Performs an exploratory decomposition of a numeric response variable into additive components (global mean, main effects, interaction effects, and residuals) using a sequential mean sweeping algorithm. It supports both balanced and unbalanced designs, and can account for nested factor structures.
Usage
eda_mean_sweep(
data,
...,
max_order = 1,
nesting = NULL,
p = 1,
tukey = FALSE,
base = exp(1)
)
Arguments
- data
A data frame containing the response and factor variables.
- ...
Unquoted variable names: The first variable must be the numeric response, followed by one or more factor variables.
- max_order
An integer specifying the maximum order of interaction effects to include. Main effects are always computed if factors are provided.
max_order = 1
(default) Only main effects are calculated and included in the decomposition.
max_order = 2
Main effects and all two-way interactions among the specified factors are included.
max_order = k
Main effects and all interaction terms up to order
k
are included.
- nesting
A list of character vectors specifying nested relationships. Each element should be a pair like
c("Parent", "Child")
indicating thatChild
is nested withinParent
. If provided, the function will automatically reorder the sweeping sequence to ensure that parent factors are swept before their nested children.- p
Numeric. A power transformation to apply to the response variable before decomposition.
- tukey
Logical. If
TRUE
, Tukey's transformation is applied. IfFALSE
, a Box-Cox style transformation is used.- base
Numeric. The base for the logarithm if a logarithmic transformation (
p=0
) is applied. Defaults toexp(1)
(natural logarithm).
Value
A list of class "eda_mean_sweep"
with the following
components:
- global
The common or global mean
- response
The name of the response variable used in the analysis.
- effects
A named list of main and interaction effects.

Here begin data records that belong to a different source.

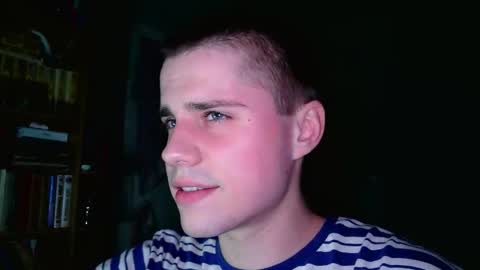 Snapshot of mrbepsik chatting on 03-12-26, 08:48 Mr Roman online show from 03-12-26, 08:48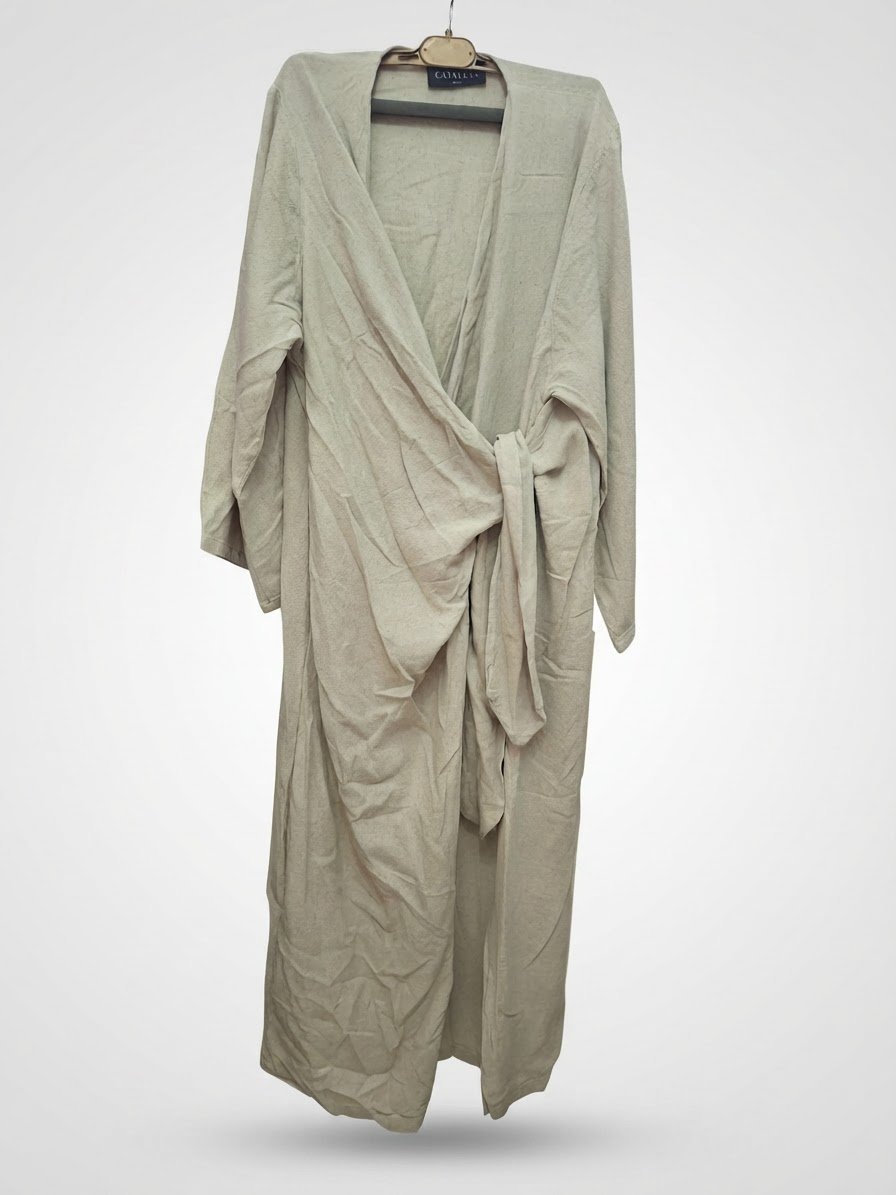 C’est un kimono style abaya croisè 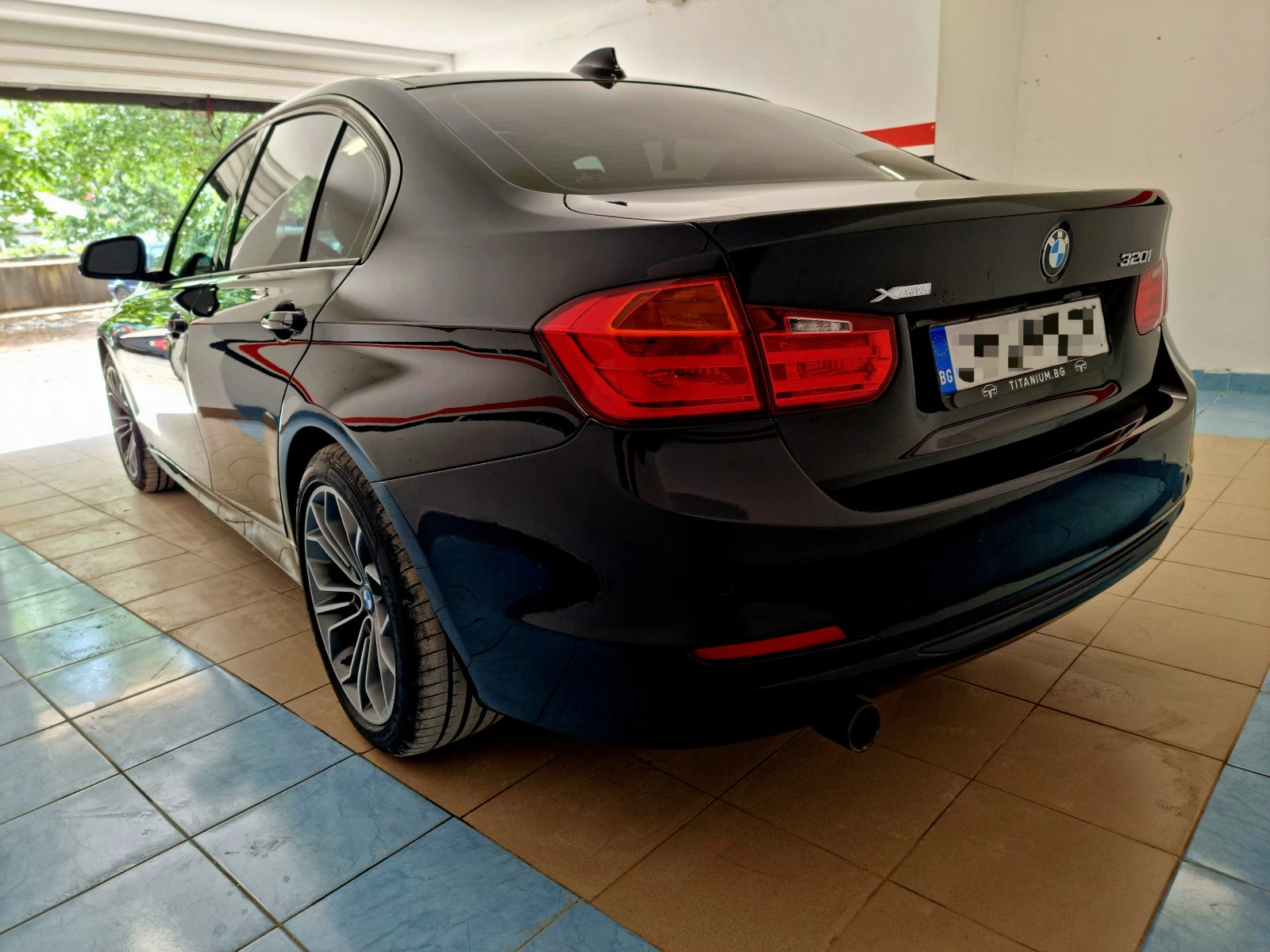 BMW 320 xDrive Sport Line - изображение 3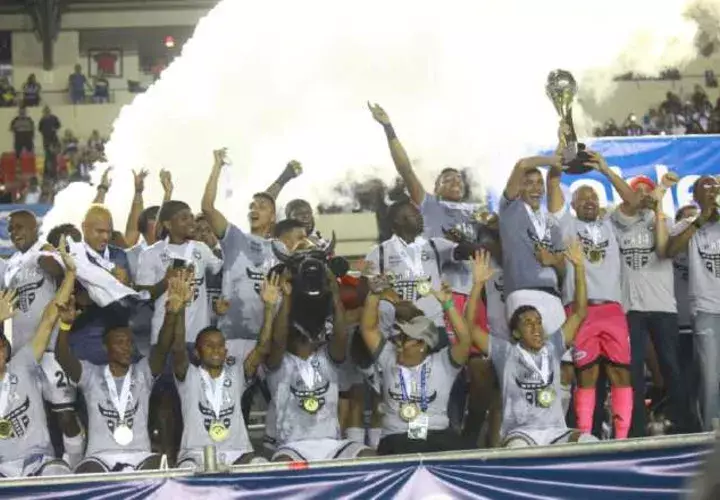 Jugadores del Tauro levantan la Copa y festejan el título del Tornero de Apertura 2018. /Foto Anayansi Gamez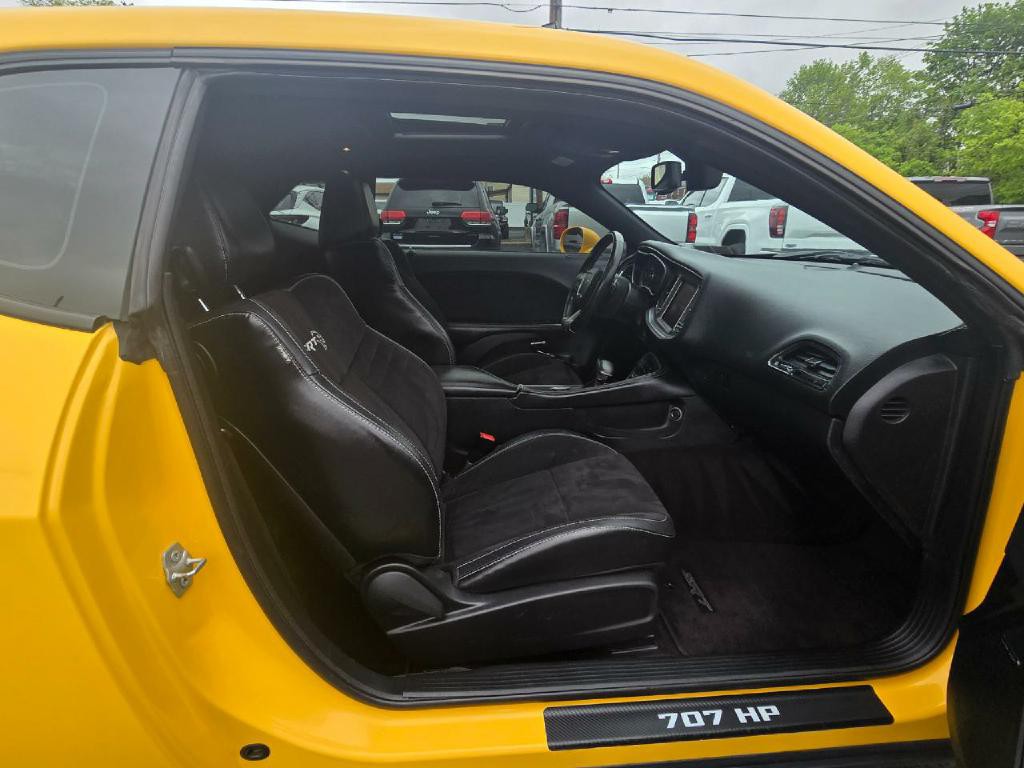 2017 Dodge Challenger Image 16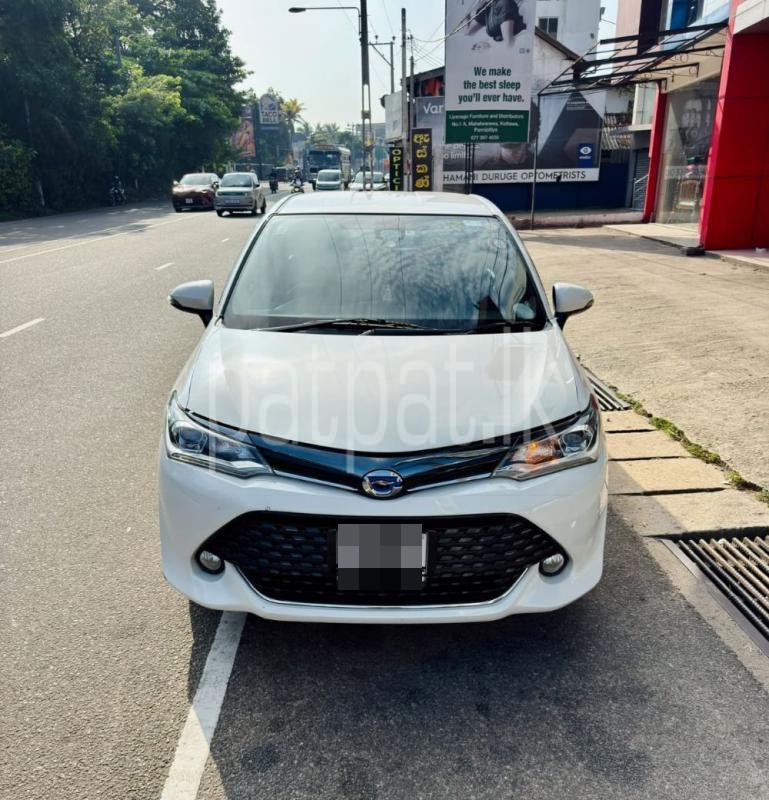 Toyota Axio 2017 - பயன்படுத்தப்பட்டது கார் sale in Sri Lanka - patpat.lk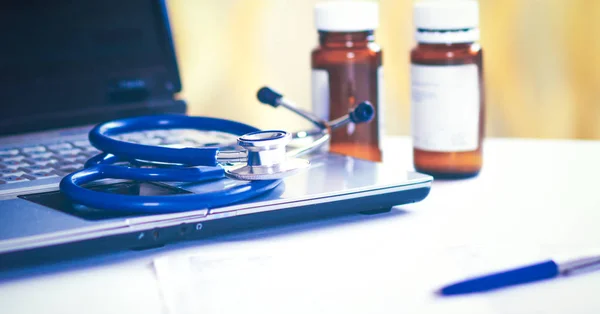 Laptop, stetoskop, burk med piller, rx på skrivbordet — Stockfoto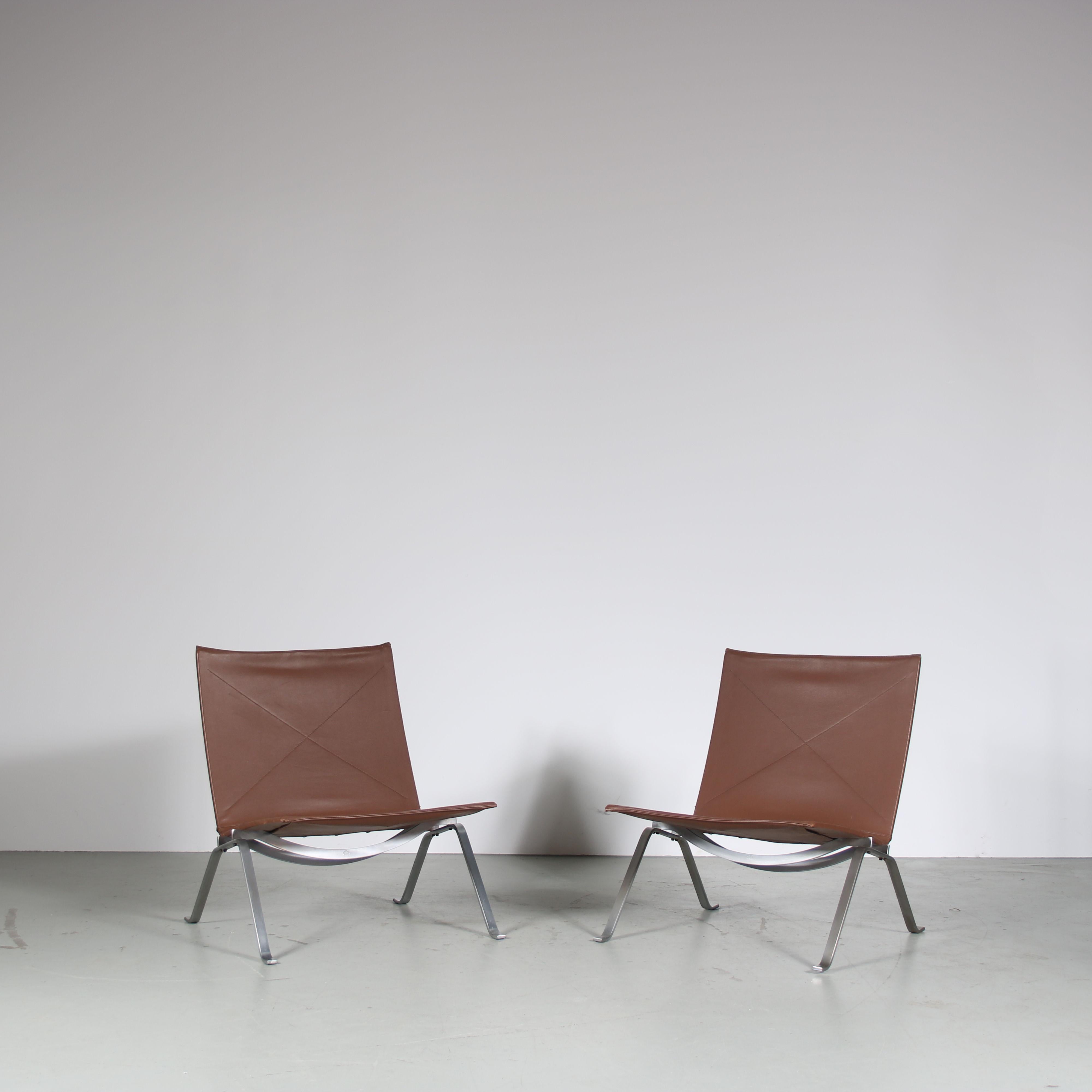 Pair of PK22 Chairs by Poul Kjaerholm for Fritz Hansen, Denmark 1980 In Good Condition In Amsterdam, NL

Each element is a named vector of centered effects, representing the deviations from the adjusted mean attributable to that factor or interaction.
- residuals
A numeric vector of residuals after the global mean and all specified effects have been "swept out" (subtracted) from the response variable.
- long
The original data frame with an added
residuals
column, which can be useful for further exploratory plotting.
Details
This function implements the value-splitting and sweeping procedure central to Exploratory Data Analysis (EDA) of Analysis of Variance (ANOVA). It systematically decomposes the response variable into additive overlays, which when recombined, recover the original data.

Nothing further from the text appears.